Install Portworx Developer Edition onto a DC/OS cluster running on vanilla aws ec2 nodes
Recently Portworx became part of Mesosphere Universe, the DC/OS app-store of container images that allow you to scale, update & upgrade complex services like Cassandra, Kafka, ElasticSearch and other stateful services. Using the Mesosphere Universe, you can install Portworx in your DC/OS cluster using a single command:
$ dcos package install --yes --options ./px-options.json portworx
This post is about why you would want to do that and how Portworx can help you run your mission critical stateful services on Mesosphere DC/OS. We'll start with some background on Mesos, Marathon and DC/OS. Feel free to skip that if you are already familar.
Consumer facing services like Siri and Twitter run at un-imaginable scale and deployments often involve thousands of compute nodes.
A battle-proven, enterprise grade solution to orchestration at this scale is Apache Mesos. It pools compute nodes and makes them available to pluggable frameworks to use when deploying workloads.
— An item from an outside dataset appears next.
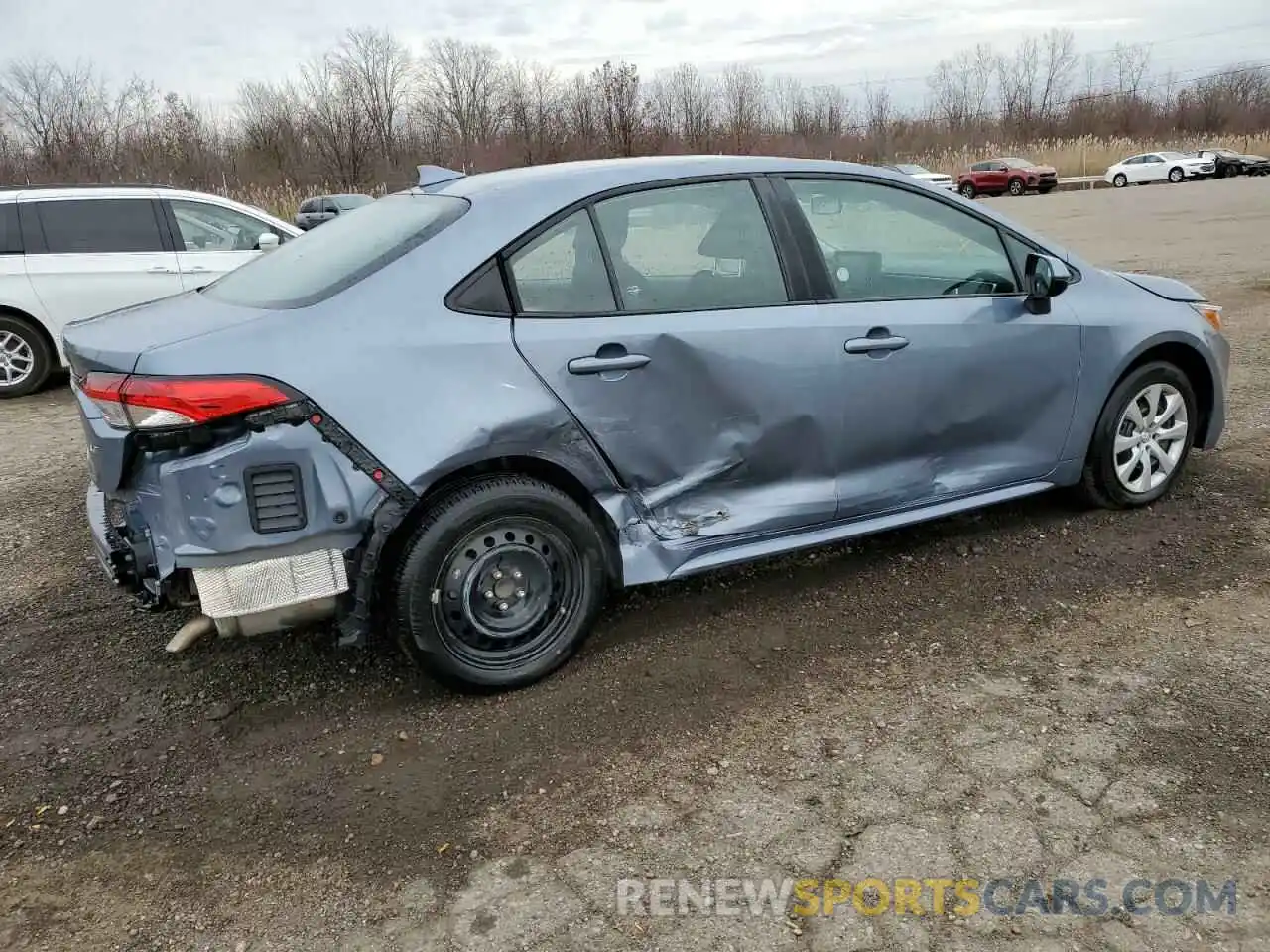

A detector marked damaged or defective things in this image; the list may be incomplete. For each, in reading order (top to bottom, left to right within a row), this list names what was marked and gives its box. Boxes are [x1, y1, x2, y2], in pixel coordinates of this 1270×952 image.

Marathon is a Mesos framework that will schedule Docker containers onto your cluster of compute nodes. This frees up developers to concentrate on their Dockerfile
and Marathon will think about what compute node to run the container(s).
DC/OS is a packaged version of Mesos and Marathon (along with other tools) built by a company called Mesosphere. It has a GUI and CLI to make the operation of a Mesos cluster running Marathon easier. DC/OS includes an app-store of services that you can install with a single command called Universe. Portworx is available in the Mesosphere Universe. We'll see how to install it below.
The Mesos/Marathon stack will work great if your entire workload is stateless (perhaps a Twitter bot or a Google Maps api client). Quite often though, there is a process or two that will require persistent storage (perhaps a Postgres or Redis server).
Following the 12-factor manifesto we could run our stateful services as pet's not cattle and install them on single-purpose static servers.
This seems like a shame, we have the full power of an industrial grade container scheduler but still have to manually operate some of our stack.
What if we had a tool that treated our heterogeneous compute cluster as a heterogeneous storage cluster too?
Portworx storage offers a container aware storage fabric that will run on a commodity cluster of compute nodes.
This lets us schedule a stateful workload using Marathon and not worry if it ends up on node A, B or C - Portworx storage will provision a volume before the container starts (because of the low-level Docker volume plugin)
Because Portworx storage offers replication - we automatically have high-availability for our Postgres, Redis, MySQL or otherwise stateful container (if the container lands on another node - Portworx storage will ensure the data is there).
We can also take snapshots of existing volumes and then run other workloads against the snapshot volume. For example, we could easily run a test-suite against a snapshot of production data only a few seconds old.
Mesos plays the role of the kernel
in our cluster and Marathon that of the init system
. This allows us to treat a cluster of many nodes as one large computer.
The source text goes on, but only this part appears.